The question also mentions this
https://www.ncbi.nlm.nih.gov/pmc/articles/PMC3386205/ "Cilia and flagella ... are membrane-bound organelles with a unique membrane."
It seems that the above statement is false or misleading, see
The term flagella is ambiguous. It refers to bacterial structures made from flagellin protein and to eukaryotic structures made from microtubule proteins and ATPase (tubulin and dynein). The fact that cilia are almost identical to eukaryotic flagella and have nothing in common with prokaryotic flagella From the Terminology is not apparent. It is suggested to adopt Smagina's 30-year-old suggestion repeated by Kuznicki and others: cilia and eukaryotic flagella are called “undulipodia.” The term flagella should be limited to prokaryotic organelles, bacterial flagella - and spirochete axial filaments: solid structures made of flagellin that protrude through the plasma membrane and have no intrinsic motility over their entire length. Undulipodia are defined as intrinsically mobile intracellular structures that show a 9-fold symmetry in the pattern of the arrangement of 24 nm diameter Microt ubuli. They are limited to eukaryotes, members of the protoctist, animal, and the vegetable kingdoms. "

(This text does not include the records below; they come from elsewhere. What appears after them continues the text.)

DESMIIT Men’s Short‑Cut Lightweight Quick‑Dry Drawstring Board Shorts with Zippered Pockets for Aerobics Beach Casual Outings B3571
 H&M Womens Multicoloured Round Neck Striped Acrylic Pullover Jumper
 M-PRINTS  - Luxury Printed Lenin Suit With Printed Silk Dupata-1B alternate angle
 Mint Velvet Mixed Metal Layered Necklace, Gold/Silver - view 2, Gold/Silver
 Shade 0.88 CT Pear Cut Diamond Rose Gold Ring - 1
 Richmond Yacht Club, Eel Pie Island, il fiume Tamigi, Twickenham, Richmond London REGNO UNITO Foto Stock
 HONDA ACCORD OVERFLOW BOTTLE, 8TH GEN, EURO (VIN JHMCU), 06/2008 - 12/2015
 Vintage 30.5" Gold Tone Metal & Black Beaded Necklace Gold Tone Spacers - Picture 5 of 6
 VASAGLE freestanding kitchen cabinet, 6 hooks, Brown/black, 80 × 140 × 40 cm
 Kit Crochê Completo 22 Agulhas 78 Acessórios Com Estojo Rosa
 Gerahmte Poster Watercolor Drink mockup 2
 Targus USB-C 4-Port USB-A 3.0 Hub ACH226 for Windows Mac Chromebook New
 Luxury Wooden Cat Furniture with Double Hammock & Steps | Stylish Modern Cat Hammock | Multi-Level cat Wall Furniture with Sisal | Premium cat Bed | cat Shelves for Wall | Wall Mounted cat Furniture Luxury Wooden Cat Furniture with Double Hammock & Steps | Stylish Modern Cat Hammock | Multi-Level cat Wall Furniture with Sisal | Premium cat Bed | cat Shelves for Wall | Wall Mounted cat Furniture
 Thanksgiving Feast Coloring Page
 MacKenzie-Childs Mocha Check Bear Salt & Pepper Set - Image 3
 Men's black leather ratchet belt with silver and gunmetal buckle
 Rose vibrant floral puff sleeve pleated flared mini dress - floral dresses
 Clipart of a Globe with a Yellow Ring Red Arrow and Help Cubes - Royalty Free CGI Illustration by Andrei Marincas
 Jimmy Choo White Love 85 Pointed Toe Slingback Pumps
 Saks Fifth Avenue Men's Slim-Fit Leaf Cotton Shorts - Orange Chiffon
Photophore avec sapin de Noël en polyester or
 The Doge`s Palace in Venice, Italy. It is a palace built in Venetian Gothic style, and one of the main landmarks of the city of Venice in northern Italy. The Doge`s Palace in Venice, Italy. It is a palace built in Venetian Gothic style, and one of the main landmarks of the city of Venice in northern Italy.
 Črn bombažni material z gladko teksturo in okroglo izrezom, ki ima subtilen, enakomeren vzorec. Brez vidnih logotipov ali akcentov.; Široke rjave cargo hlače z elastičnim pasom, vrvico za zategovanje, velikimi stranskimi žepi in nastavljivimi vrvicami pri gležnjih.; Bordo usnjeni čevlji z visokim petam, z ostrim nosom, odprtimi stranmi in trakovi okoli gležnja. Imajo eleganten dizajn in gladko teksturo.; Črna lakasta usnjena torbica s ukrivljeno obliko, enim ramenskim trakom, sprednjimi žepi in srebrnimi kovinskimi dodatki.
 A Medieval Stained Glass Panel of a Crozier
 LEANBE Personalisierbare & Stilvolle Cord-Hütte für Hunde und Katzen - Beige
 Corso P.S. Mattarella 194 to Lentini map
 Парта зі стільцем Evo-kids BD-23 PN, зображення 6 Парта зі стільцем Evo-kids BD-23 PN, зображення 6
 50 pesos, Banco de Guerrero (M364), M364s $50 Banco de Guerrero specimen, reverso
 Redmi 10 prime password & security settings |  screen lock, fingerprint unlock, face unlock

The knowledgeable biologist I spoke to at the time said that nowadays the distinction between eukaryotes and prokaryotes is mainly made by genetics. Nevertheless (as mentioned) an observable distinction between eukaryotes and prokaryotes is that eukaryotes have a nucleus and prokaryotes do not have a nucleus. If a prokaryote was ever discovered to have a nucleus, it would require a reorganization of the phylogenetic trees. While phylogenetic trees use the term eukaryote, they do not use the term prokaryote, although the term prokaryote is still relevant, and there is an organization called the ICSP (International Committee on the Systematics of Prokaryotes) that is on the subject of naming groups of Prokaryotes.
While it's not entirely clear to me if at any point there was a shift from observable to genetic traits to help determine the difference between eukaryotes and prokaryotes, this page mentions something about the origins of the terms prokaryote and eukaryote. And I understand from the knowledgeable biologist I spoke to that these days the distinction is genetic, or mostly genetic. http://www.madsci.org/posts/archives/2000-04/956011333.Gb.r.html
I spoke to another microbiologist. He thought the term prokaryote was not useful, it had no evolutionary basis. And at least the term eukaryotes, cells with a nucleus, the cells could be quite related. While prokaryotes - cells without a nucleus - partially define something by what it is not, and it does not phylogenetically / evolutionarily group organisms. Prokaryote refers to bacteria and archaea, both of which are generally unicellular. But archaea are evolutionarily and biochemically more similar to us (eukaryotes) than bacteria. There's no good reason for them to clump together with bacteria. Not evolutionary or biological. The most recent development is that eukaryotes likely evolved from archaea. Some newer models show the Eukarya lineage as rooted in the archaic lineage. All of them show that they are closer to bacteria than either, although this is generally accepted phylogenetically and also cytologically. The three areas of life are bacteria, archaea and eukarya. Eukaryotes still make sense as a grouping because they are a group of organisms that are more similar to themselves than bacteria or archaea. Indeed, they are genetically identified.